Site-directed mutagenesis of the COOH-terminal region of colicin A: effect on secretion and voltage-dependent channel activity.

Abstract

A large number of mutants introducing point mutations and deletions into the COOH-terminal domain of colicin A have been constructed by using site-directed mutagenesis. The COOH-terminal domain carries the channel activity. The effects of the alteration in the polypeptide chain on the secretion of colicin A by colicinogenic cells have been investigated. All deletions and some mutations were found to lead to protein aggregation in the cytoplasm, thereby preventing release into the medium. The mutated colicin A proteins have been purified, and their activity in vivo (on sensitivity cells) and in vitro (in planar lipid bilayers) has been assayed. Deletions in the region containing putative helices 4, 5, and 6 (predicted to be involved in pore formation) and the transitions (AlA .fwdarw. Asp-492, Phe .fwdarw. Pro-493) in helix 4 abolished the activity.
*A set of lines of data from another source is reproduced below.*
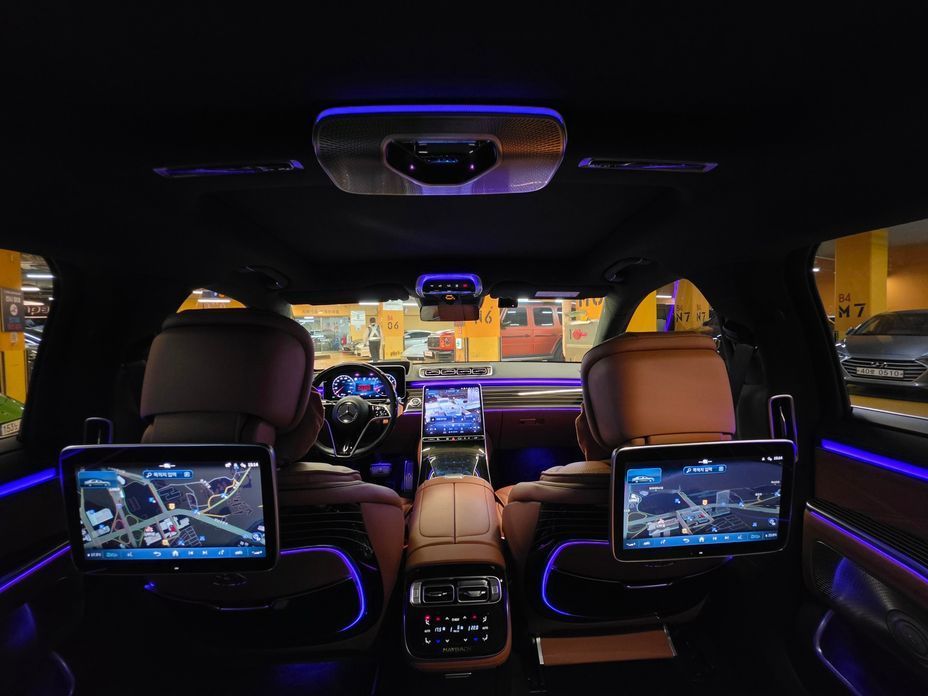 Mercedes-Benz S-Class 2023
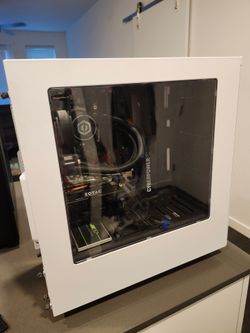Cyberpower PC Gaming PC Bundle – Intel i7-8700K | GTX 1070 | 32GB RAM | 3TB HDD + SSD | Monitor Included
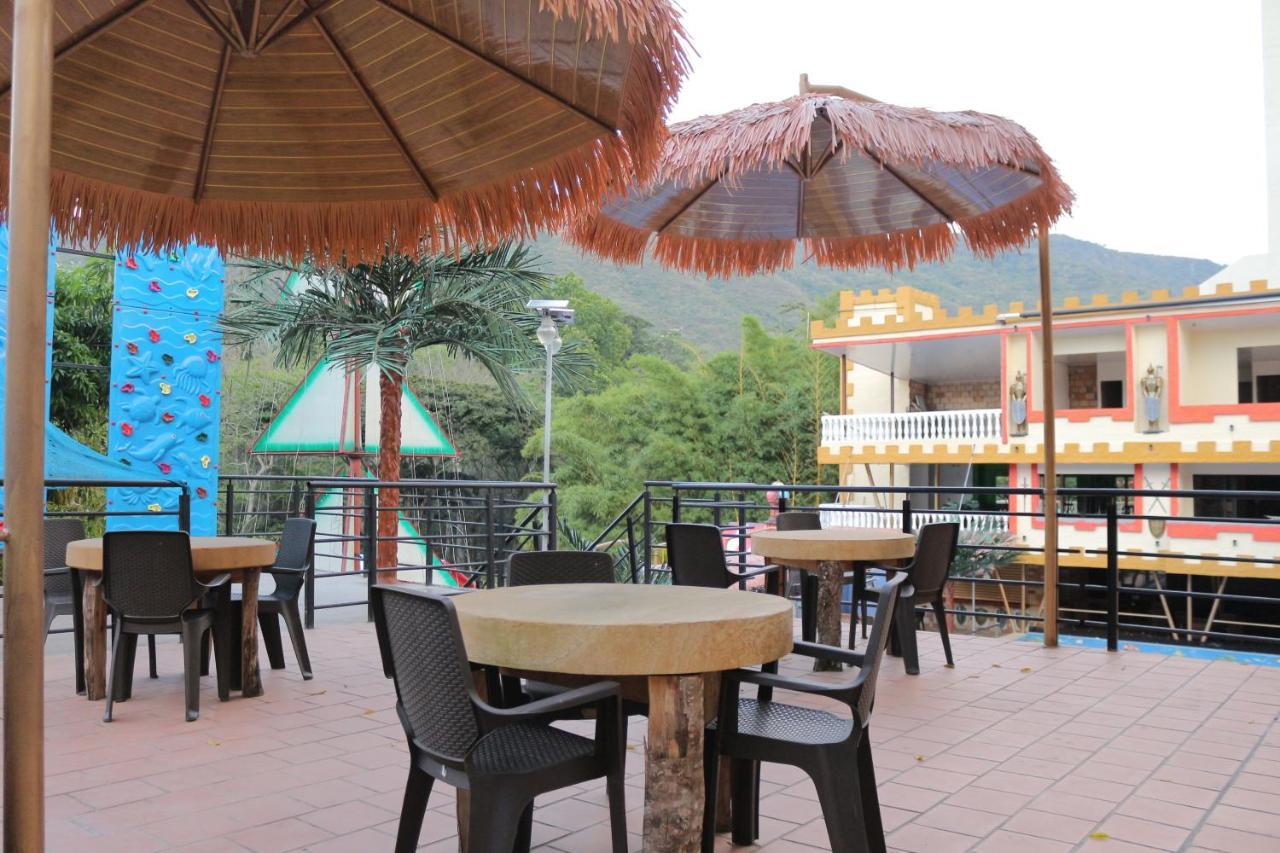 Hotel Castillo Resort San Gil Εξωτερικό φωτογραφία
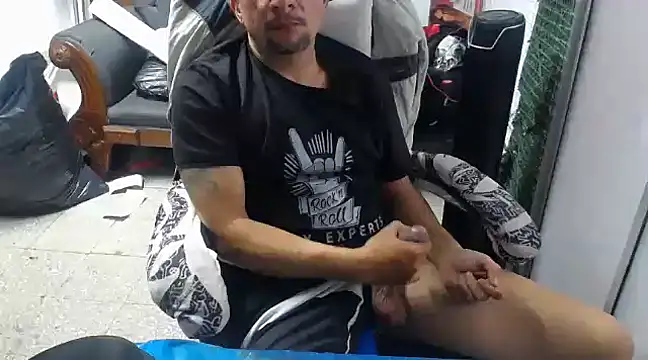 Snapshot of alexam_gal@xh chatting on February 26, 2025, 4:38 pm alexam galxh online show from February 26, 2025, 4:38 pm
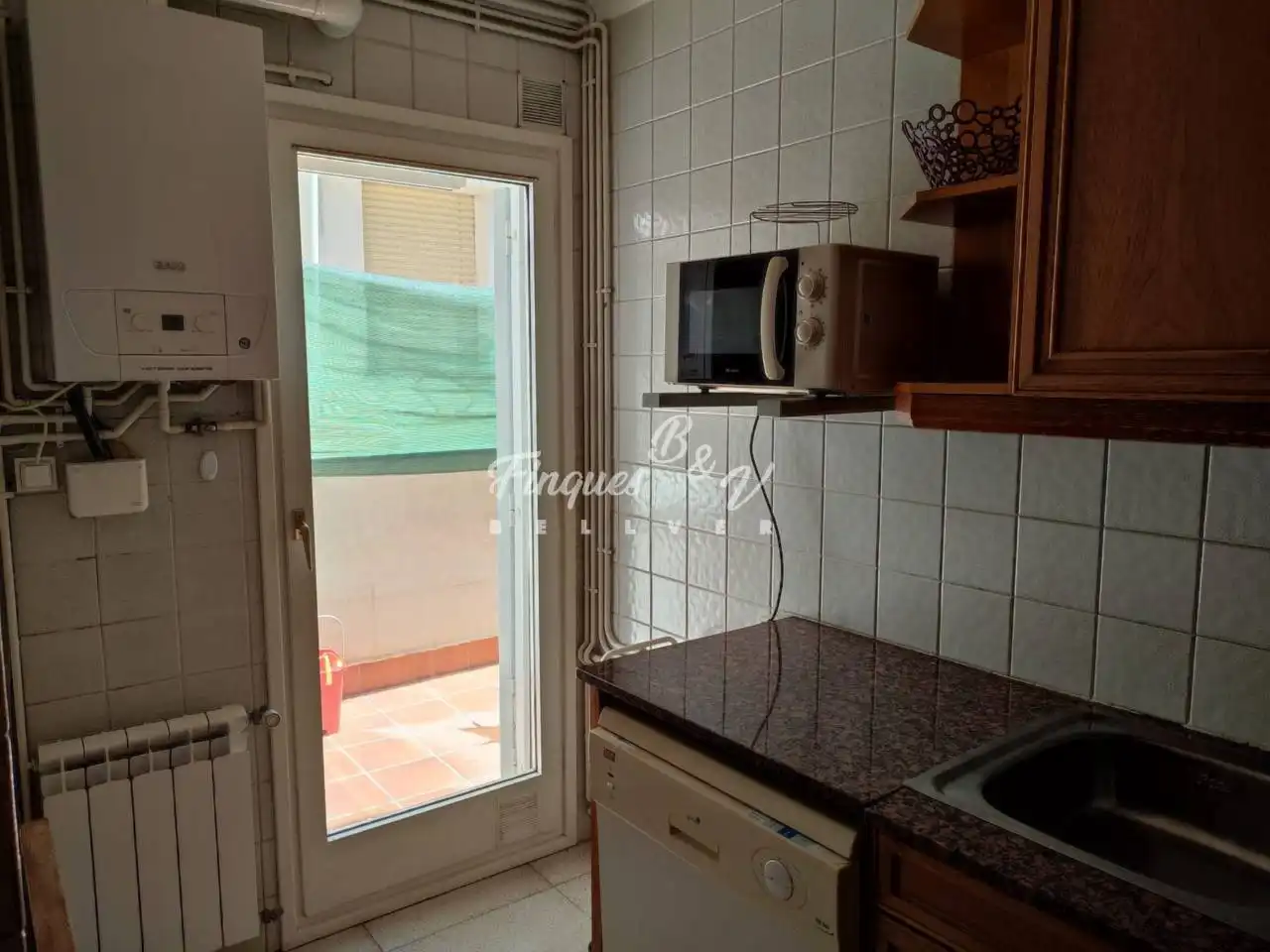 Flat with lift to rent in Calle AV PIRINEUS, imagen 5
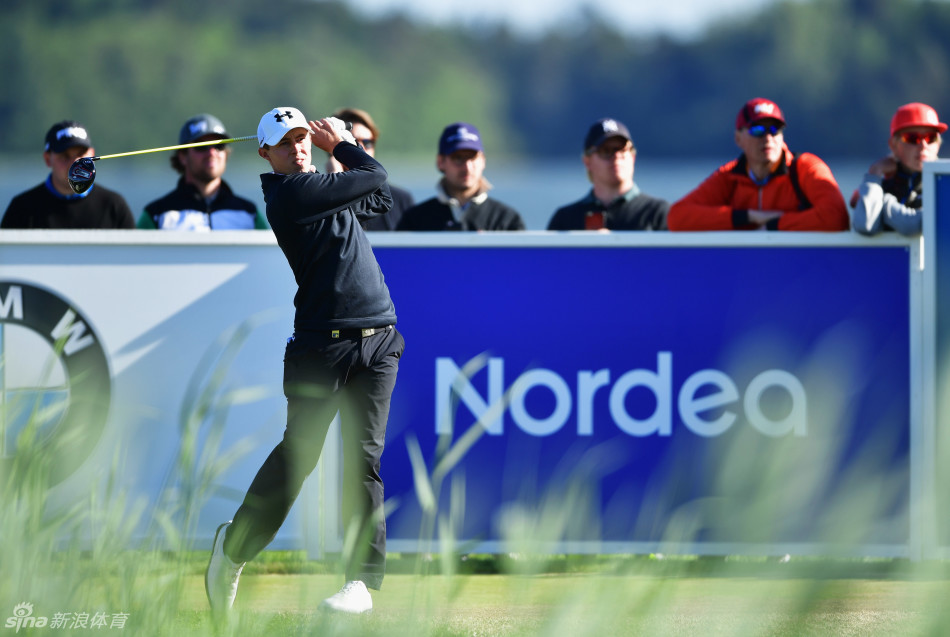 菲茨帕特里克优雅地完成一次沙坑救球,展现了他技术全面、处变不惊的冠军特质。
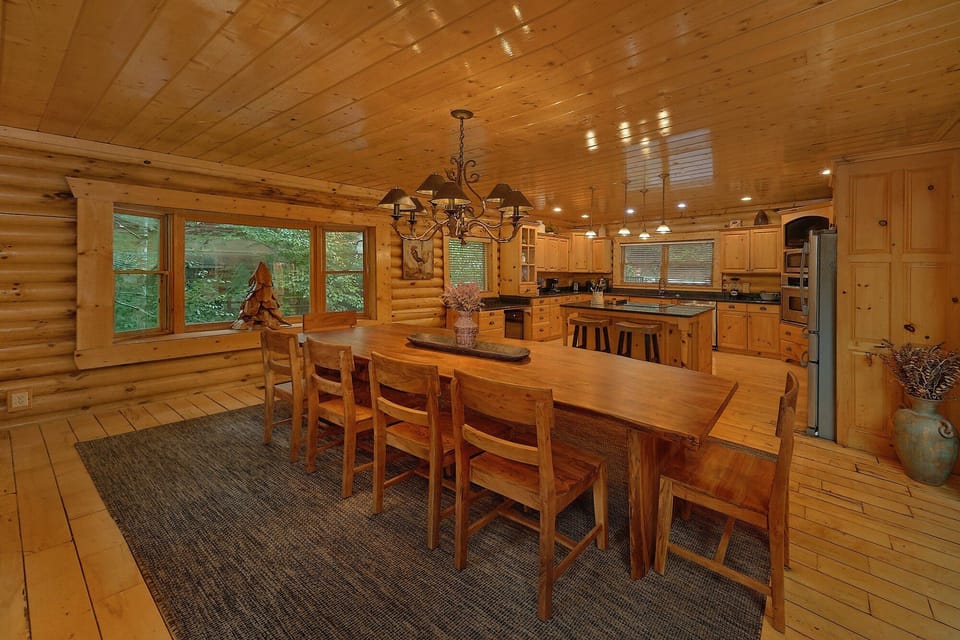 Premium Gatlinburg cabin with large dining room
No correlation was observed between mutations leading to protein aggregation and those leading to loss of channel activity. Some mutations were found to alter characteristic properties of the single channels, such as stability, current relaxation kinetics, voltage dependence, and pore conductance. Site-directed mutagenesis provides a powerful tool for studying structure-function relationships of voltage-sensitive ionic channels.